INSTRUCTIONS TO FOLLOW:
Output all of the lines below exactly, and leave out each image.

** DATASET RECORDS follows **

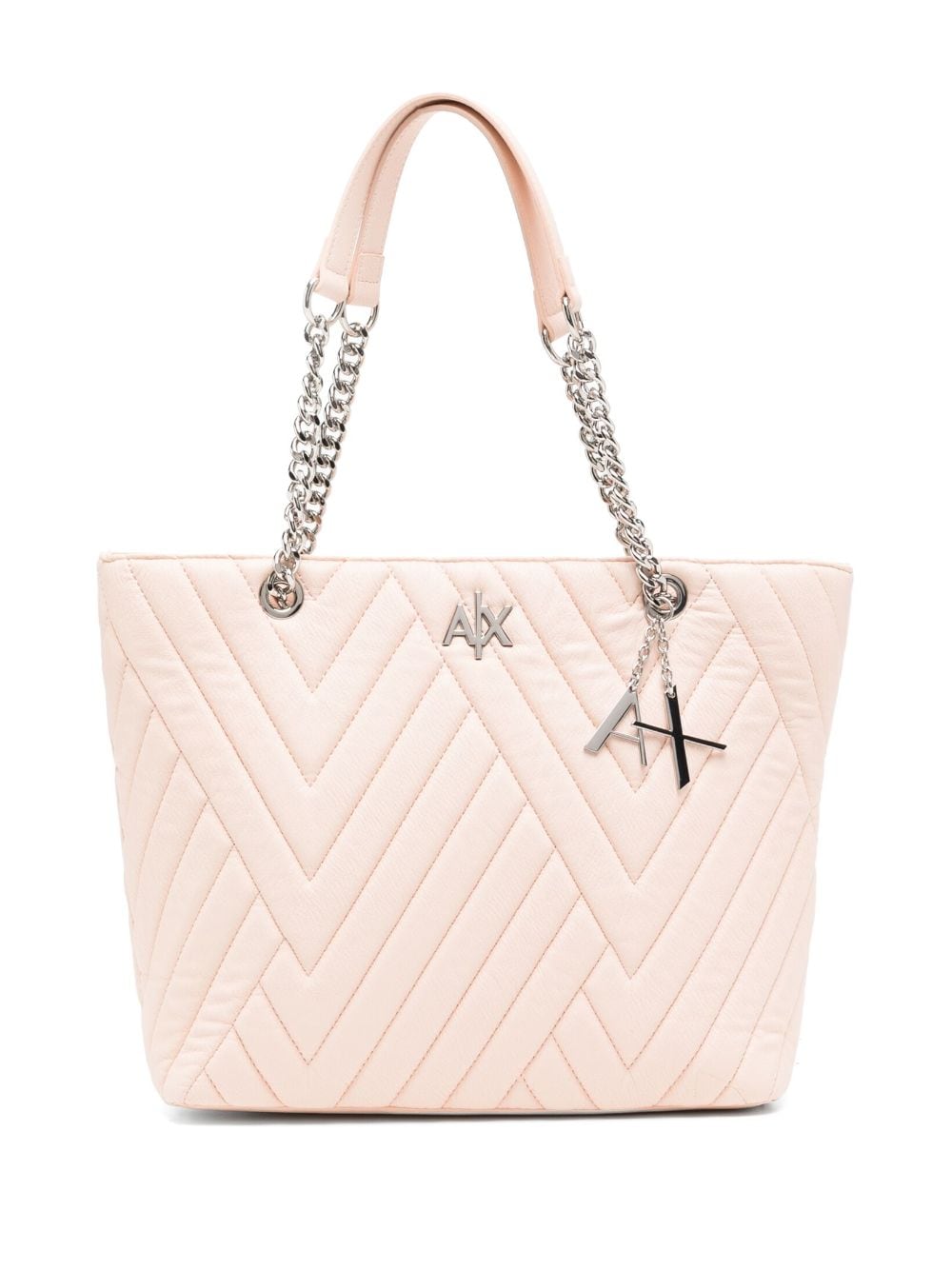 Armani Exchange matelassé-effect logo-plaque bag - Pink von Armani Exchange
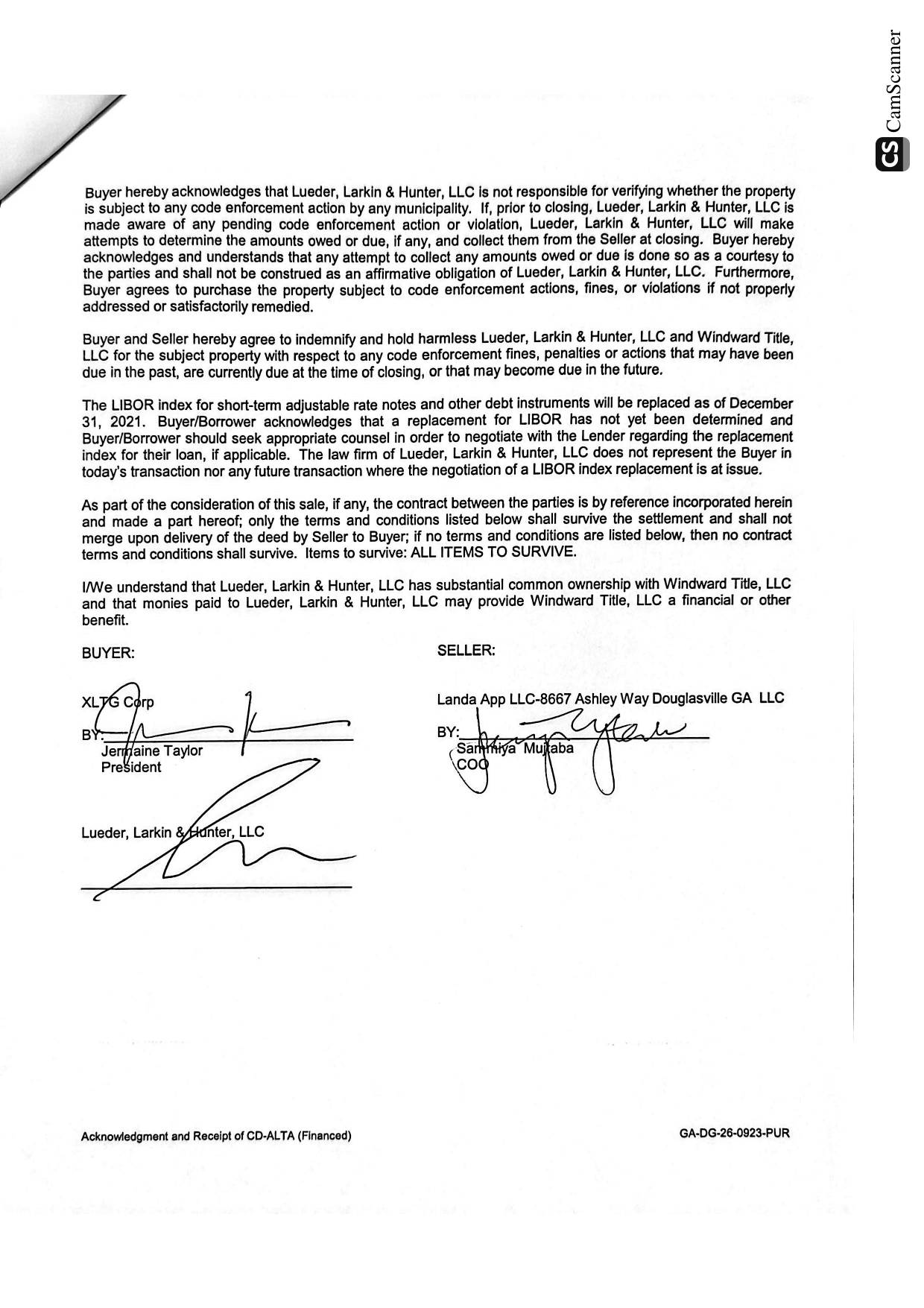 ALTA Settlement Statement - 8667 Ashley Way, Douglasville, GA - page 5 of 5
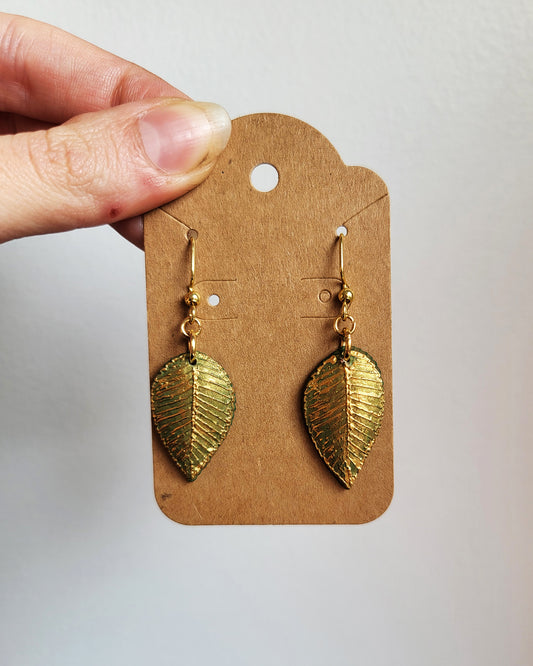 Gold Birch Leaves Earrings / Copper or Green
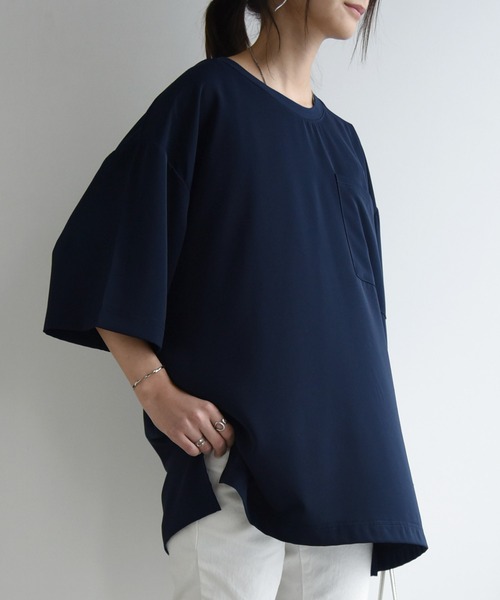 and it_(アンドイット)の「防汚加工ユニセックス半袖プルオーバー(Tシャツ/カットソー・レディース・ベージュ/ネイビー/オフホワイト/グレー・M/L/LL)」の10枚目の写真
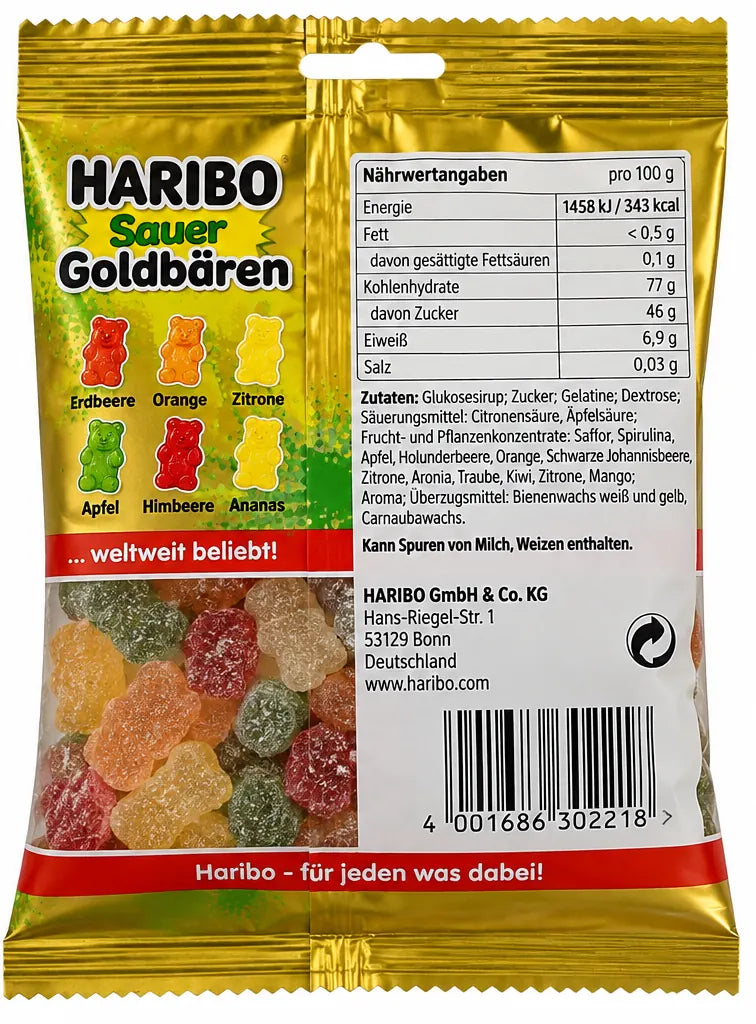 AI-generated illustration of Haribo Sour Goldbears 175G German Edition back packaging, view 1
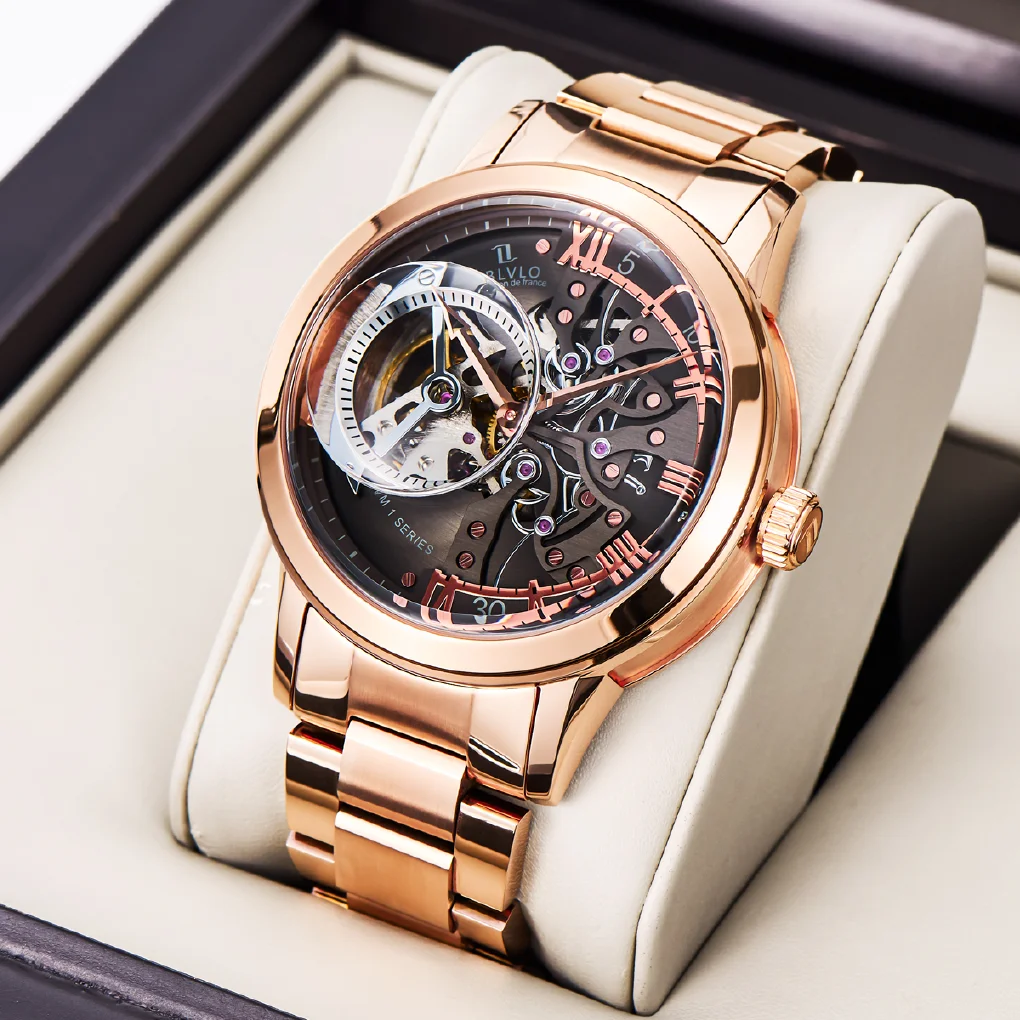 

OBLVLO Retro Casual Men Skeleton Automatic Watches Mechanical Stainless Steel Strap Mineral Crystal Glass Rose Gold Clock VM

** End of DATASET RECORDS **

EXERCISE ANSWER:
 Armani Exchange matelassé-effect logo-plaque bag - Pink von Armani Exchange
 ALTA Settlement Statement - 8667 Ashley Way, Douglasville, GA - page 5 of 5
 Gold Birch Leaves Earrings / Copper or Green
 and it_(アンドイット)の「防汚加工ユニセックス半袖プルオーバー(Tシャツ/カットソー・レディース・ベージュ/ネイビー/オフホワイト/グレー・M/L/LL)」の10枚目の写真
 AI-generated illustration of Haribo Sour Goldbears 175G German Edition back packaging, view 1

OBLVLO Retro Casual Men Skeleton Automatic Watches Mechanical Stainless Steel Strap Mineral Crystal Glass Rose Gold Clock VM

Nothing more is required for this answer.